Update 11:56: Transportation secretary Ray LaHood, a former Congressperson from Peoria, Illinois, and champion of sustainable transportation and livable cities, calls the House bill “the worst”: “The former GOP congressman said that during his 14 years in the House, and six on the Transportation and Infrastructure Committee, the panel and Congress as a whole came together to rally around transportation”, via Politico.

Update 12:01: The amendment to restore bike and pedestrian infrastructure funding was defeated. See the League of American Bicyclists website.

What to do about it

Transportation 4 America has a great tool to contact your representative.

Keep in mind that by the time you read this, the House committee on Transportation and Infrastructure will be in the process of marking up the bill, adding and removing parts.

There is still opportunity to find these provisions and bad policies.
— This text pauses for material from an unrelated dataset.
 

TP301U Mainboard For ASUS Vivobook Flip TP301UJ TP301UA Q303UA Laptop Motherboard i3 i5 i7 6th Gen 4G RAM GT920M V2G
If the committee does refer this bill to the full House, the House will have to debate it and then vote on it. That presents a different opportunity to tell your representatives what you think. If the House passes it, then the Senate and House will have a conference committee to “merge” their two bills.
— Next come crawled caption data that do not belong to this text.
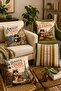Traveler Fun Cat Patterned 4-Piece Throw Pillow Cover Set - 2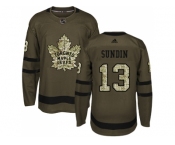 Adidas Toronto Maple Leafs #13 Mats Sundin Green Salute to Service Stitched NHL Jersey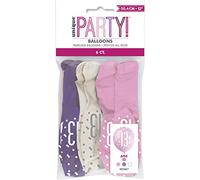 Vibrant 13th Glitz Petal Pink, Spring Lavender & White Latex Balloons (30cm) - Perfect for Birthday, Party Decor & More - 6ct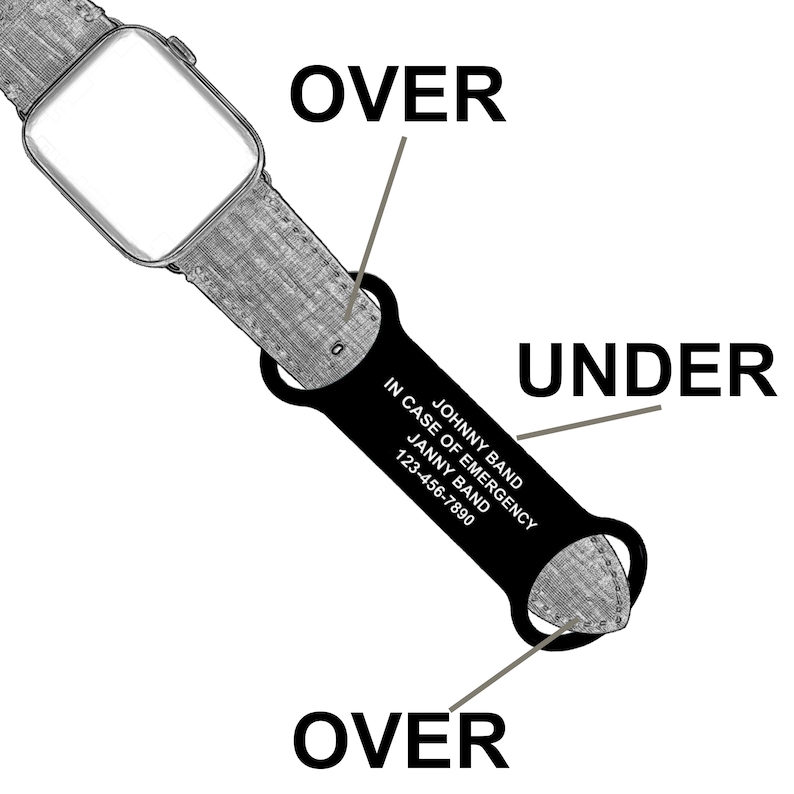 Alert ID Attachment Showing how slides over the watchband to custom fit the alert id.  Custom engraved Silicone color filling that will not chip, fade, or wash away. Designed for Men, Women and Children. Medical Alert ID Attachment for all watchbands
This bill was brought up by an attendee at last night’s Streets for Cycling 2020 Plan meeting at the Sulzer Library during the question and answer session. They asked if the bill would affect the Streets for Cycling plan, the process, and constructing bikeways in general. If it passed, it would most likely not affect those things (they are paid for by a variety of funds, including local sources and the federal CMAQ grant).

Luann Hamilton, deputy commissioner of project development at the Chicago Department of Transportation expressed some uneasiness (that I presume the department feels) about the idea of this bill passing. She mentioned that the bill calls for roadways to be “categorically excluded” from environmental review processes, something that runs contrary to regional and local goals for congestion reduction and reducing pollution, as well as balancing our transportation system.
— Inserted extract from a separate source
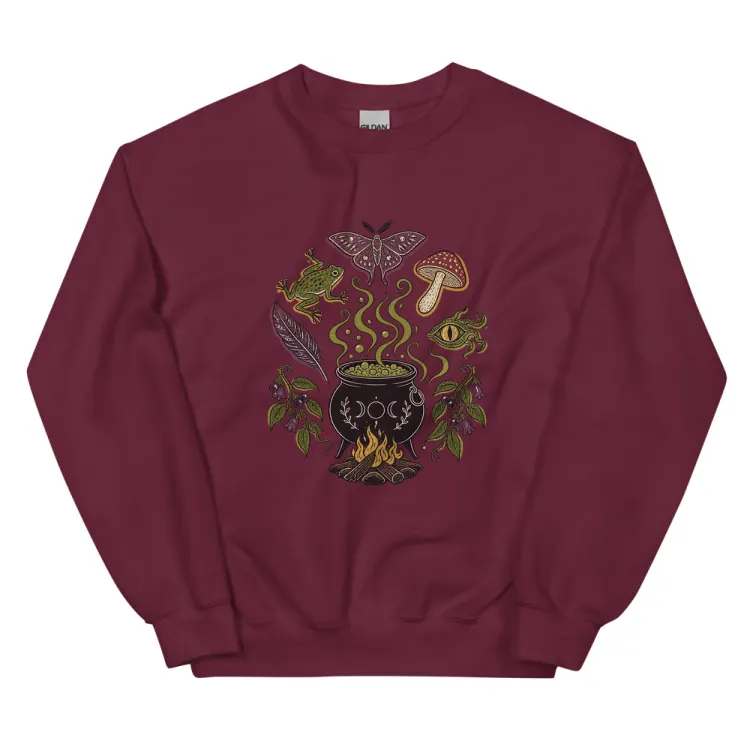 The Cauldron Recipe Crewneck in Maroon.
Contact these two Illinois representatives on the House Ways and Means Committee. This committee figures out how to pay for the surface transportation bill. Ask these two to VOTE NO on H.R.3864 (which eliminates the Mass Transit Account and lets transit funding fight for itself).

Peter Roskam, R-6th  District (Cook, DuPage, Lake, Kane, McHenry counties)
David Mork-Deputy Chief of Staff
(202) 225-4561
david.mork@mail.house.gov

Aaron Schock, R-18th District (Peoria, Springfield)
Mark Roman-Legislative Director
202.225.6201 phone
mark.roman@mail.house.gov

List of projects that wouldn’t be built with the House version

Notes

There may be other things in the bill that deserve criticism, but without actually reading it, and without understanding what the text means, I must rely on other people’s information. I started reading parts of the proposed bill and saw that several sections were being repealed (like the Express Lanes demonstration program) but I couldn’t find the full text of the sections those repeals were referring to. You can read the full bill here.

I recommend reading Yonah Freemark’s opinion on the “grim transportation outlook” for 2012, wherein he references (before it was made available) the House Transportation and Infrastructure Committee bill.

(1) The transit benefit and car parking benefit (the cost of the pass for either is deducted from your paycheck before taxes are calculated, saving you a couple hundred dollars each year) used to have parity. Then the bill that made the transit benefit temporarily equal to car parking expired, dropping it down to $5 above the previous level (now $125), and raising the car parking benefit to $10 above the previous level (now $230). I wrote about this in December.

* A non-accessible or inaccessible PDF means that it’s a scan of a printed page or that all text has been removed. You cannot select the text, nor can people with screen readers have their computers read the document aloud.

4 thoughts on “House of Representatives transportation bill fraught with bad ideas”

  1. Tangentially related, but that 59th Street connector will not be terribly useful unless a signal is added to Cornell. That street is a real shit show to cross, as it’s basically a secondary piece of Lake Shore Drive.